Because we cannot remove or rename a field after adding, I would like to discuss a few points before merging.

Observations

1. Your suggestion uses a flattened control point form, not a coefficient form. I agree because this is consistent with the linear (Hatches, Polylines) definitions, which is also stored in end point coordinate from, not as angle and length.

2. For linear segments, OVF (and all other AM formats I know) offer 2 definitions

   1. Polylines form a continuous line. There are no jumps between segments, consecutive segments share the same end point. In OVF a closed polyline (polygon) is represented by the first and last point having identical coordinates.
   2. Hatches form discontinuous lines. Jumps are inserted between segments.
      1. We do not store each hatch in its own vector block as a Polyline because that causes significant overhead for vector block (meta-) data (marking_params_key, laser_index etc.)
      2. A common source of wasteful storage and bugs is storing polylines in a hatches block by duplicating endpoints, so they are coincident. Because hatches are often handled differently by machine controllers (no polydelays/angle-based corner cutting), this can result in unexpected skywriting behaviour and build time degradation. Zero length jump commands can also cause delays if they are not filtered properly.

3. To me it is not completely clear from your definition if it is representing multiple Bezier segments with jumps between them or a continuous spline. Because of the similar structure and problems in linear segments, I would propose offering either both definitions or one precise definition. Example:

   1. CubicBezierSpline: continuous, control points xy are shared between adjacent segments
   2. CubicBezierHatches: discontinuous, jumps are inserted between segments, control points xy exist for each segment for start and end.

Discussion Points Summary

1. Do you plan to use the Bezier segments as continuous splines or as hatches or both?
2. If your definition is meant for splines, does it cause any problems for you to compact the layout by collapsing identical x/y points? This e.g. results in 4 floats per segment in QuadraticBezier [x0, y0, cx0, cy0, x1, y1, cx2, cy2, x3, y3, cx3, cy3, …]. I suggest the nth tail segment to be shortened to only contain [xn, yn] instead of [xn, yn, cxn, cyn] with the last 2 control points unused. Reasoning: This enables memory casting to the expanded definition (with start and end point in one struct) by using a stride pattern.
3. Do you have any suggestions to improve the precision of the naming? My suggestions are BezierSpline and BezierHatches to convey the type of connection between segments (jump or continuous).
4. Do you see need for any other types of splines, e.g. NURBS?

[Samtanner12]

Hello Mr Dirks,

Thank you for getting back with me so quickly. Our specific use case Includes a jump to a specific start point followed by a sequence of curves following the format control point, target point. [Cx0,Cy0,Tx0,Tx0,Cx1,Cy1,Tx1…]. For Quadratic Bezier this involves two control points. In the future we may also utilize the hatching feature for infill on our parts.
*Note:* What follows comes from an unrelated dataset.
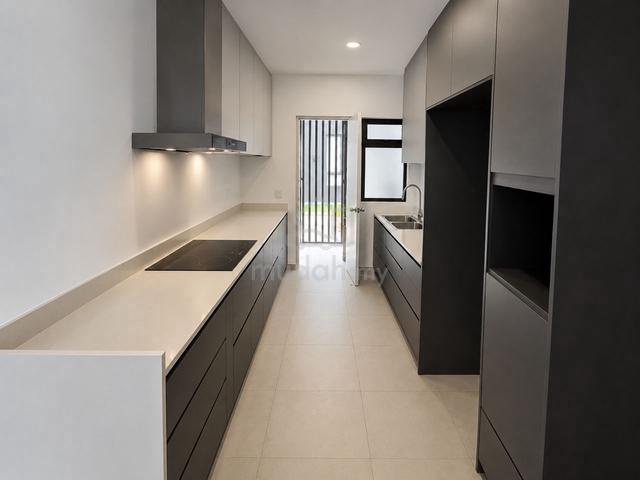 Limited Eden by the Parque 3R2B Type Grd Floor Townhouse Unit for Rent 1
I agree that compressing identical points is a good idea, however dropping the control points at the nth tail segment causes issues for our use case. We are drawing a curve relative to our current position and those control points define the curve to our target.

I think one solution that works well with our use case would be

` //Quadratic Bézier segments.
//Each segment is (x0, y0, cx, cy, x1, y1) => 6 floats per segment.
//Pack N segments as: [x0,y0,cx,cy,x1,y1, x0,y0,cx,cy,x1,y1, ...]
message QuadraticBezierHatches {
repeated float segments = 1;
}

//Cubic Bézier segments.
//Each segment is (x0, y0, c1x, c1y, c2x, c2y, x1, y1) => 8 floats per segment.
//Pack N segments as: [x0,y0,c1x,c1y,c2x,c2y,x1,y1, ...]
message CubicBezierHatches {
repeated float segments = 1;
}

//Linked Quadratic Bézier segments.
//Initial segment contains start point (Ix, Iy)
//Each segment is (cx0, cy0, x0, y0) in the format control, target
//=> 2 for start then 4 per segment.
message QuadraticBezierSpline{
repeated float data = 1;
}

//Linked Cubic Bézier segments.
//Initial segment contains start point (Ix, Iy)
//Each segment is (c1x0, c1y0, c2x0, c2y0, x0, y0) in the format control, control, target
//=> 2 floats for start then 6 per segment.
message CubicBezierSpline {
repeated float data = 1;
}`

As for NURBS and other curve types I do not see an urgent need at them moment. With the flexibility provided by the protobuf format OVF can adapt with the industry.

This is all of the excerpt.